[PROVIDED ENTRIES Boundary: Start]

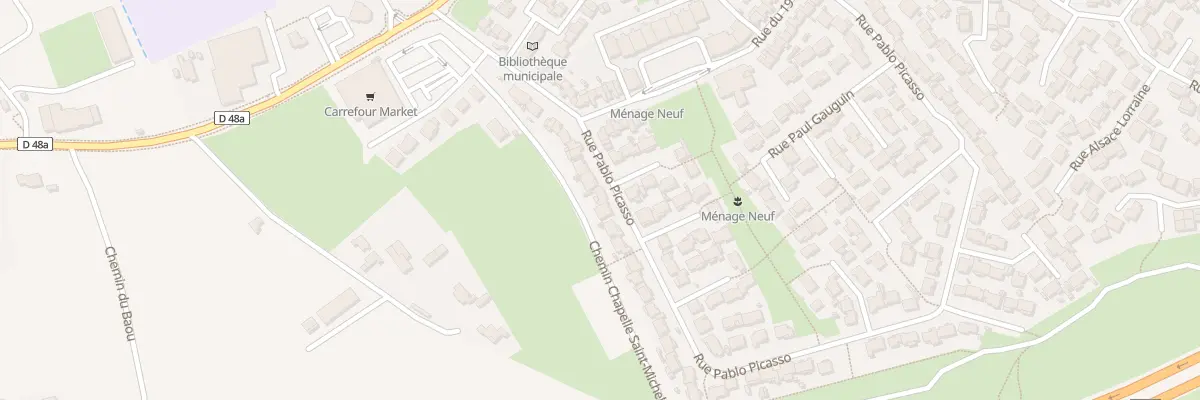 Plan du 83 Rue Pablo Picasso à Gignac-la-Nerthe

[PROVIDED ENTRIES Boundary: End]
[PROVIDED ENTRIES Boundary: Start]

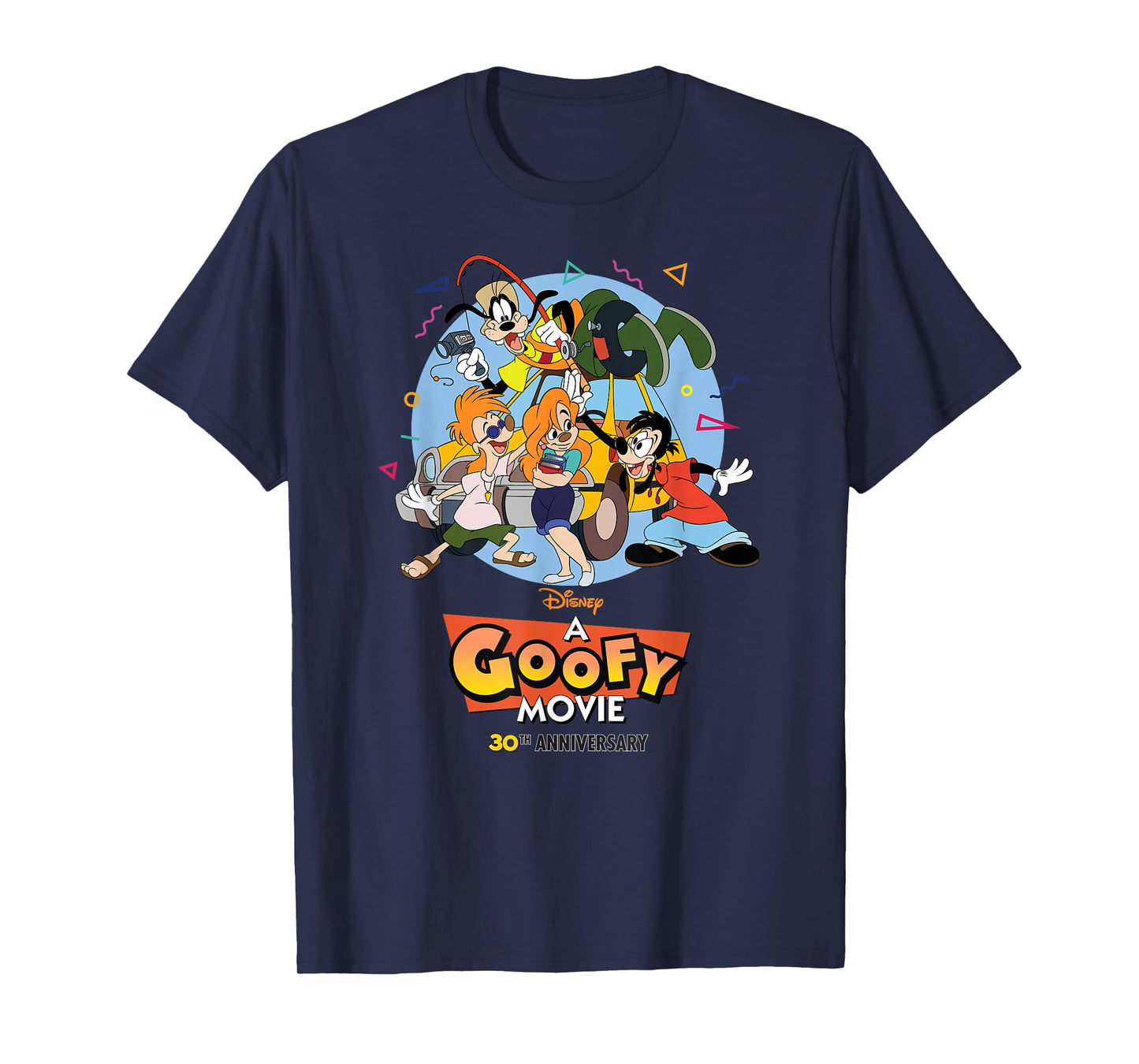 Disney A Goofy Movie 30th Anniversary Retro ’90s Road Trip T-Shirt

[PROVIDED ENTRIES Boundary: End]
[PROVIDED ENTRIES Boundary: Start]

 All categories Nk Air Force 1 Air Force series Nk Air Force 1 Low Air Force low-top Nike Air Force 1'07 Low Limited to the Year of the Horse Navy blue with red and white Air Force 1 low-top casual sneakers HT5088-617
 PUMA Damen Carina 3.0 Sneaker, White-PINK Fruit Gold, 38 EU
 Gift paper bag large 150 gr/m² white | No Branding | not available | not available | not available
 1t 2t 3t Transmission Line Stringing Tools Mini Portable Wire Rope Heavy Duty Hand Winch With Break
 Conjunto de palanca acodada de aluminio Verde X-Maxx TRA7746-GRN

[PROVIDED ENTRIES Boundary: End]

= WHAT NEEDS TO BE DONE =
Set down only the lines above that fall between the line holding "1t 2t 3t Transmission" and the line holding "Conjunto de palanca", inclusive, keeping each exact.

= COMPLETED TASK =
 1t 2t 3t Transmission Line Stringing Tools Mini Portable Wire Rope Heavy Duty Hand Winch With Break
 Conjunto de palanca acodada de aluminio Verde X-Maxx TRA7746-GRN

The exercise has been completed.